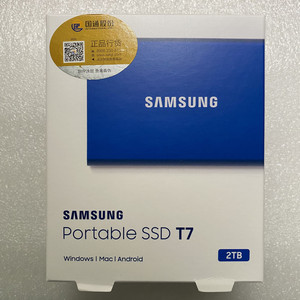 三星T5 T7 T9 500G 1T SSD固态移动硬盘Shield3.2加密touch 2t 4T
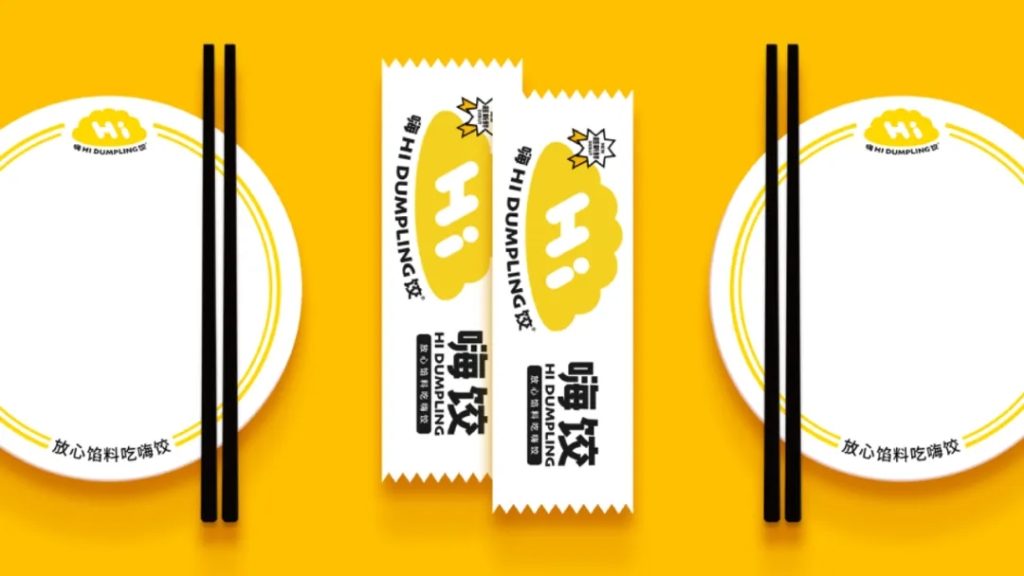 鲸湃咨询商业案例：嗨饺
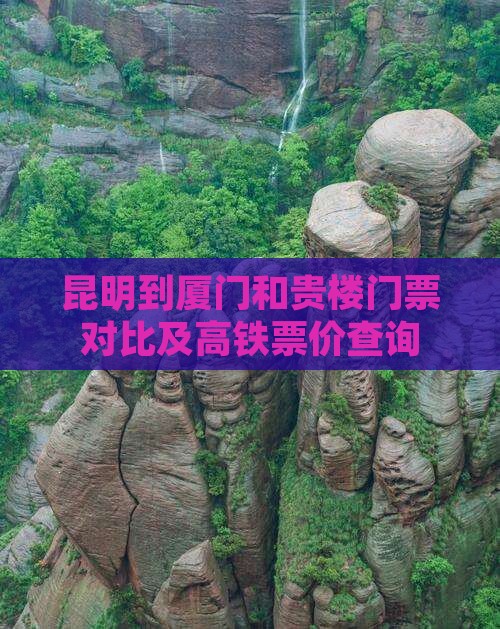 昆明到厦门和贵楼门票对比及高铁票价查询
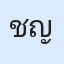 รูปนักเรียน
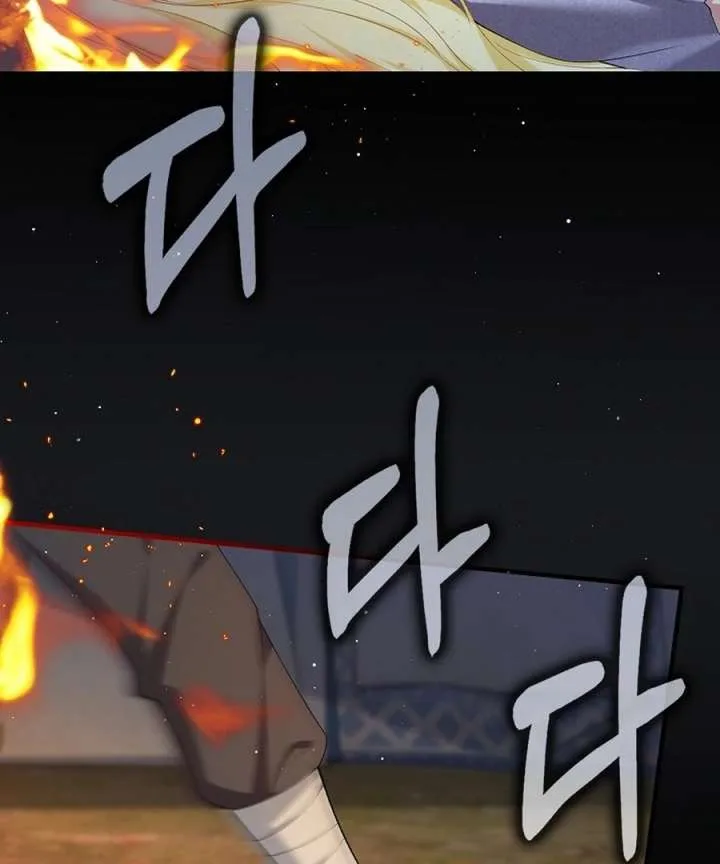 Didn’t We Agree To Have Pure Love? Chapter 23 page 69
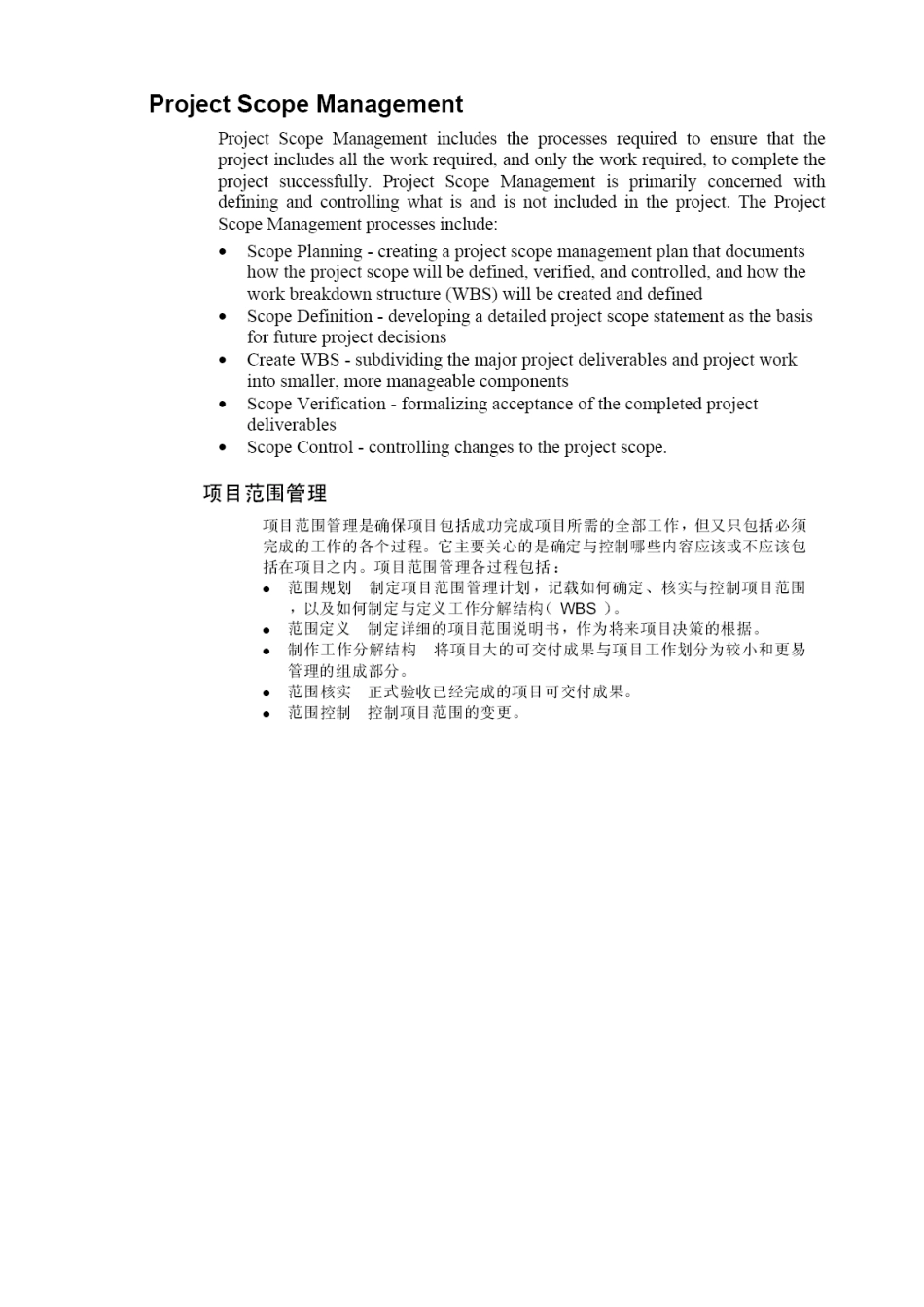 专业英语知识精华_第2页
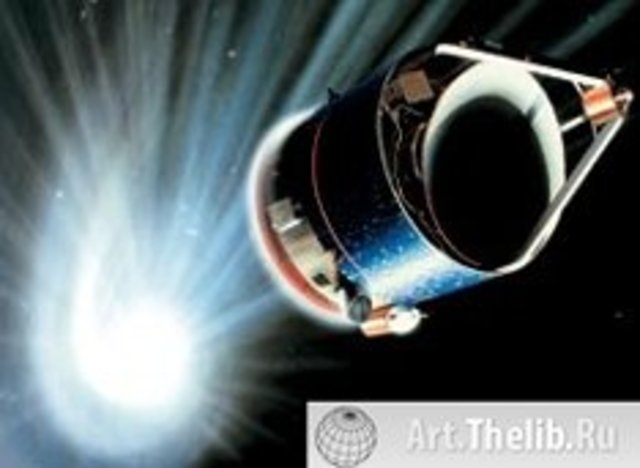 первое сближение с кометой Галлея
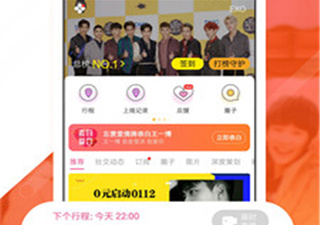 和ZZTT15.SU黑料不打烊相似的app合集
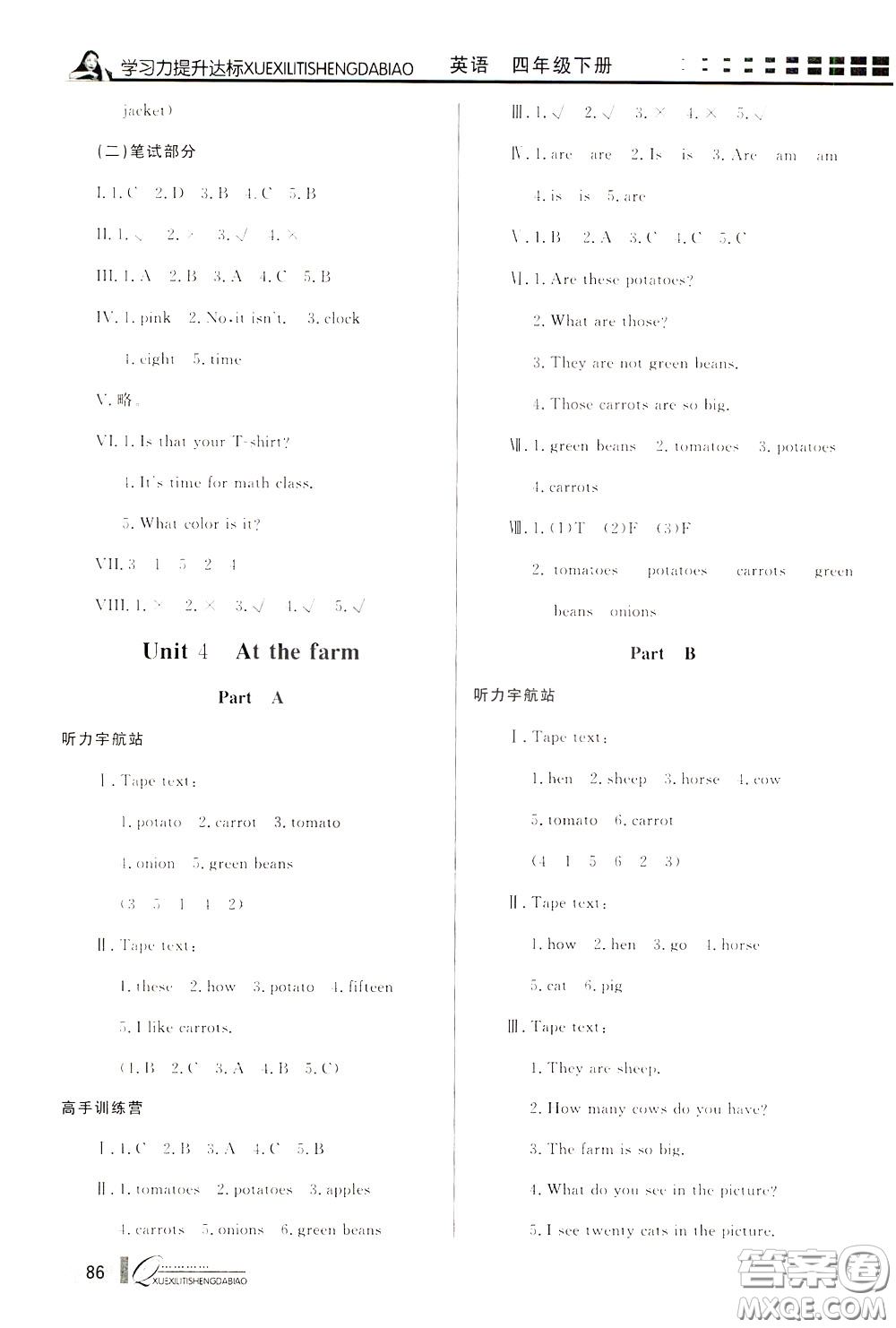 花山小狀元2020年學(xué)習(xí)力提升達(dá)標(biāo)英語四年級下冊參考答案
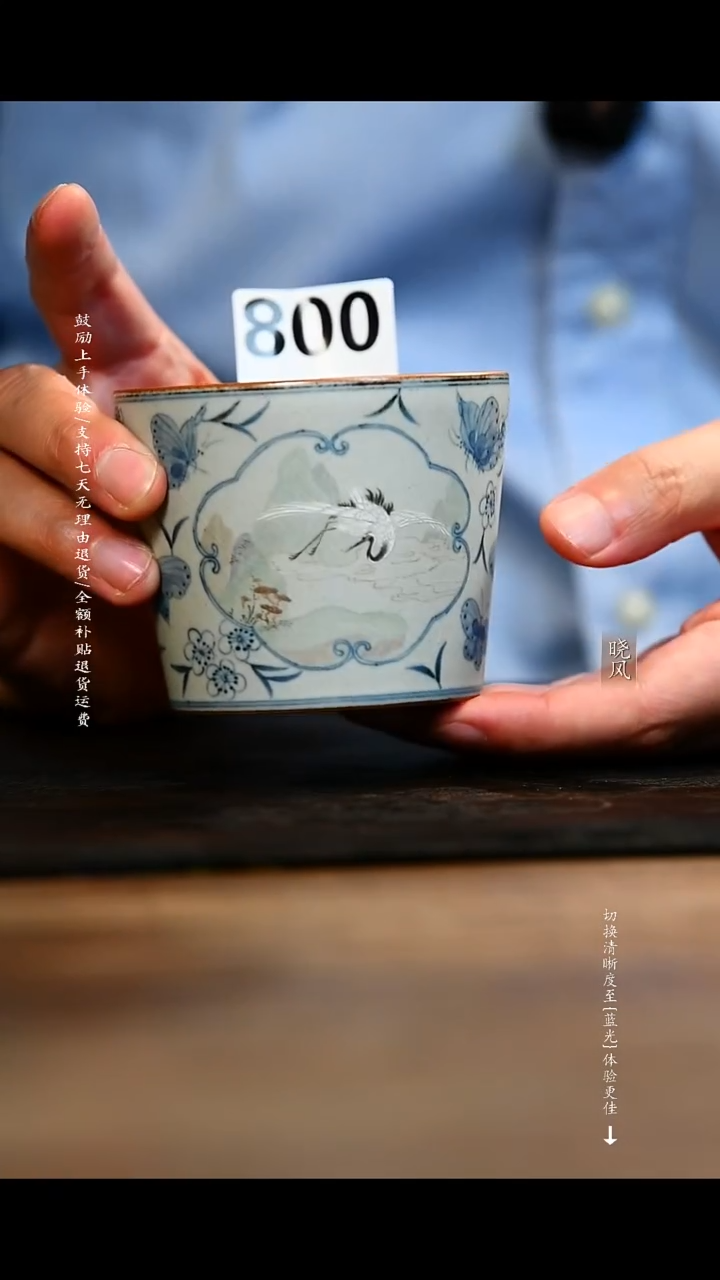 风礼 福利 800号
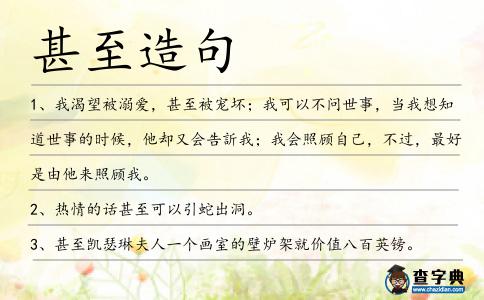 甚至造句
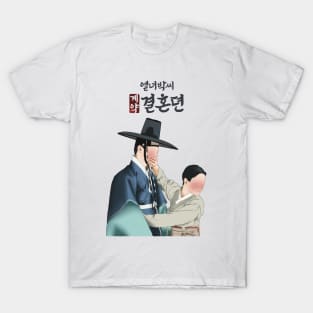 The story of parks’s marriage contracts T-Shirt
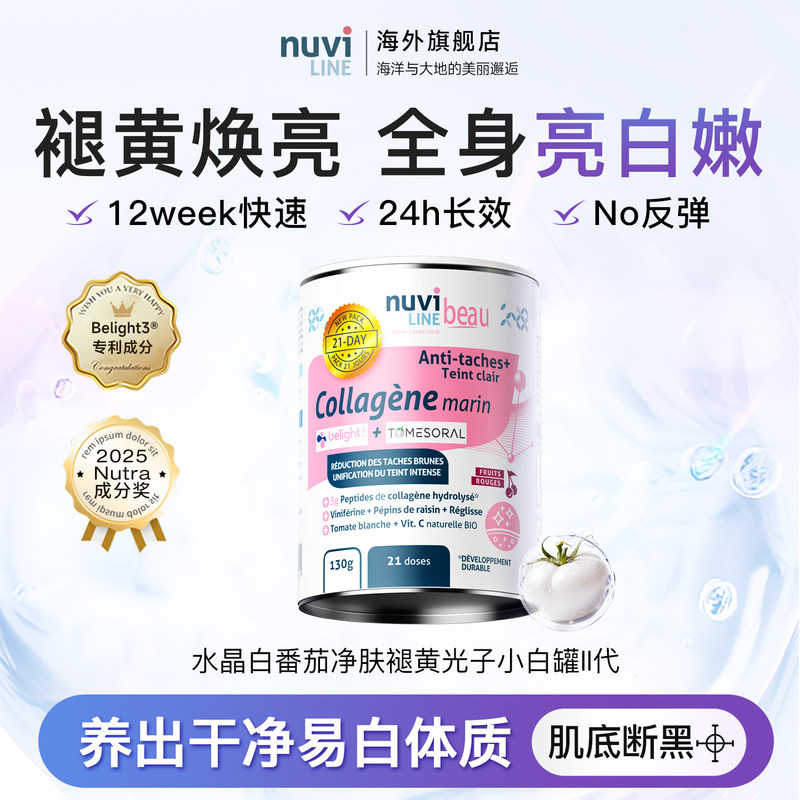 Imported from France, Nuviline Skin-Clearing and Brightening Jar for Whole-Body Internal Use to Remove Dark Spots and Yellowing, Patented White Tomato Oral Collagen Imported from France, Nuviline Skin-Clearing and Brightening Jar for Whole-Body Internal Use to Remove Dark Spots and Yellowing, Patented White Tomato Oral Collagen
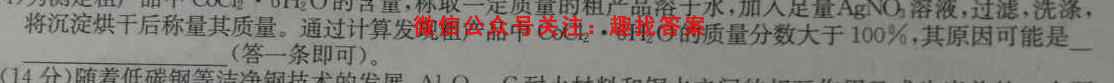 江苏省2023年普通高中学业水平高二测试卷(23-169B)化学
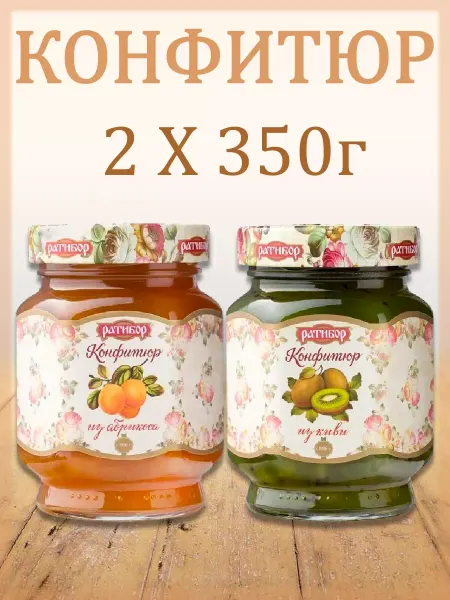 Ратибор Конфитюр из киви,из абрикоса, (Набор из 2шт) 350гр
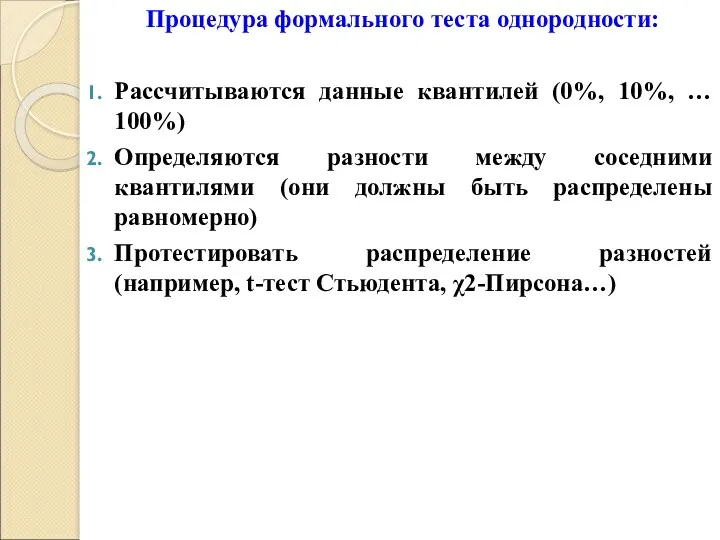 Процедура формального теста однородности: Рассчитываются данные квантилей (0%, 10%, …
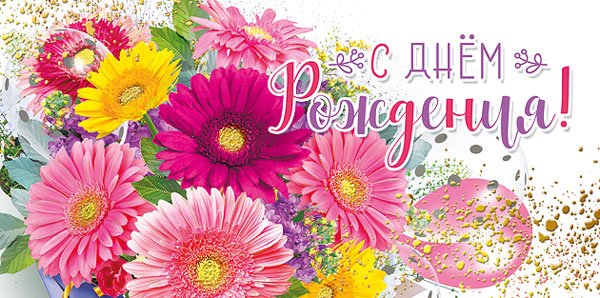 Конверт для денег "С днем рождения!"
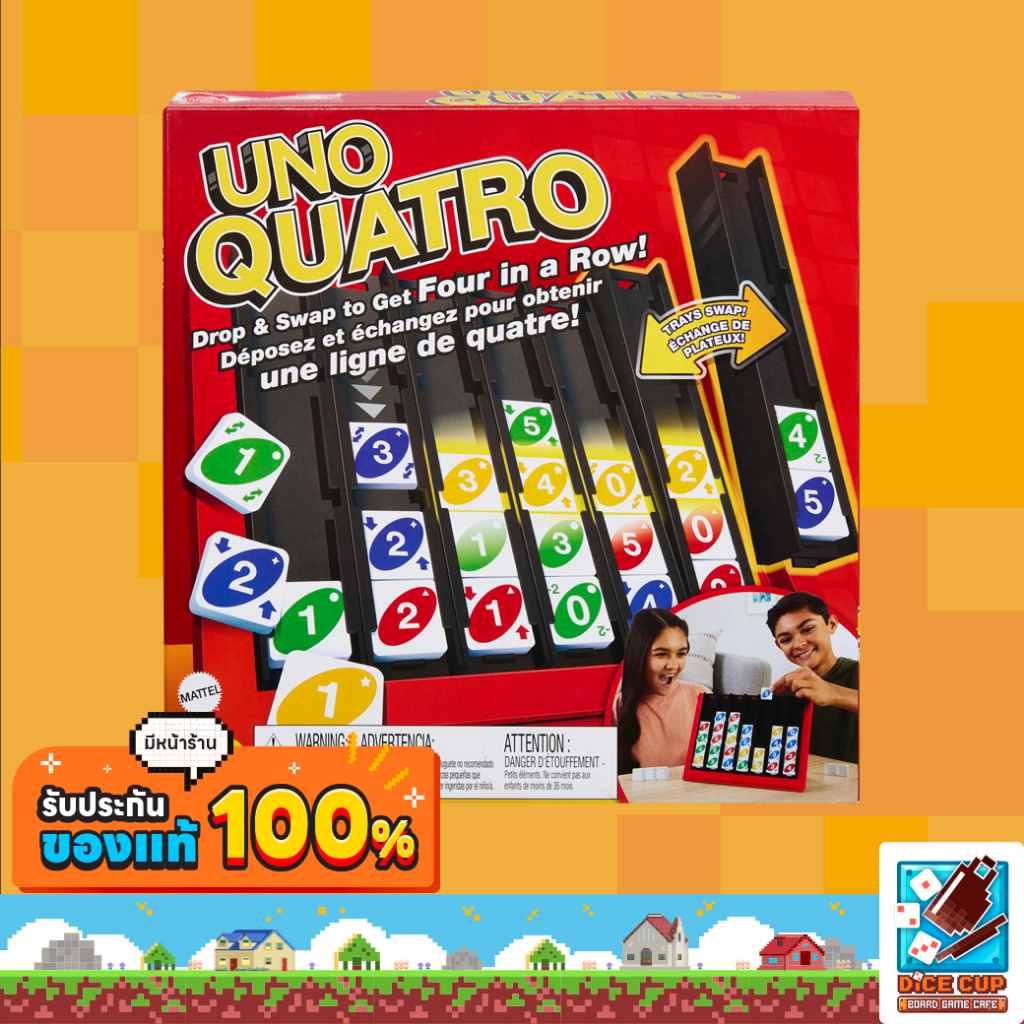[ของแท้] UNO Quatro Board Game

**WORK INSTRUCTIONS**
Each line from the first line of the listing above through the line containing "The story of" is to be written out exactly, and the pictures are to be left out.

**ANSWER**
 三星T5 T7 T9 500G 1T SSD固态移动硬盘Shield3.2加密touch 2t 4T
 鲸湃咨询商业案例：嗨饺
 昆明到厦门和贵楼门票对比及高铁票价查询
 รูปนักเรียน
 Didn’t We Agree To Have Pure Love? Chapter 23 page 69
 专业英语知识精华_第2页
 первое сближение с кометой Галлея
 和ZZTT15.SU黑料不打烊相似的app合集
 花山小狀元2020年學(xué)習(xí)力提升達(dá)標(biāo)英語四年級下冊參考答案
 风礼 福利 800号
 甚至造句
 The story of parks’s marriage contracts T-Shirt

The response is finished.